Tell us about your experience taking IHE’s online course Teaching for a Positive Future (TPF).

I enjoyed the structure and convenience of being able to take the TPF course online, and also connecting with other educators around humane education topics.  I liked seeing the different ways each classmate was using the theories and exercises.  Connecting with the course instructor, Marsha Rakestraw, was a highlight for me, as she was so supportive and encouraging of the work I’m doing.  Because I already had so many years of graduate work in related fields under my belt and was not in a place to do another extended program right now, I was so thankful to be able to be part of the TPF course and receive some training in humane education specifically, and connect with IHE in that way.

How has what you learned from the TPF course helped you in your life and work?

I have referred back to the course materials several times, as I create talks and as I work on columns and my e-book.  I feel like it keeps me grounded in the real work I want to do, and it offers me ideas on how to infuse the humane education principles into my teaching (even when my writing is my teaching!), and how to engage my audience and structure activities to introduce these ideas.

What would you say to others wondering if the TPF course is right for them?

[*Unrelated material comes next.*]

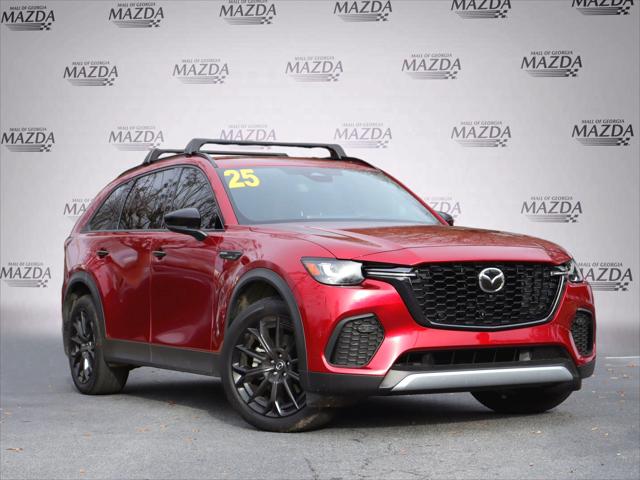 2025 Mazda CX-70 3.3 Turbo Premium Plus Package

I wish every educator could take this course!  I don’t think it matters who or where you are teaching, these principles can and need to be infused into every classroom, formal and informal.  The TPF course offers practical understanding of the foundational humane education concepts, and an abundance of activities to utilize in various teaching environments.  Plus, you get a class full of colleagues inspired to make a difference in the world!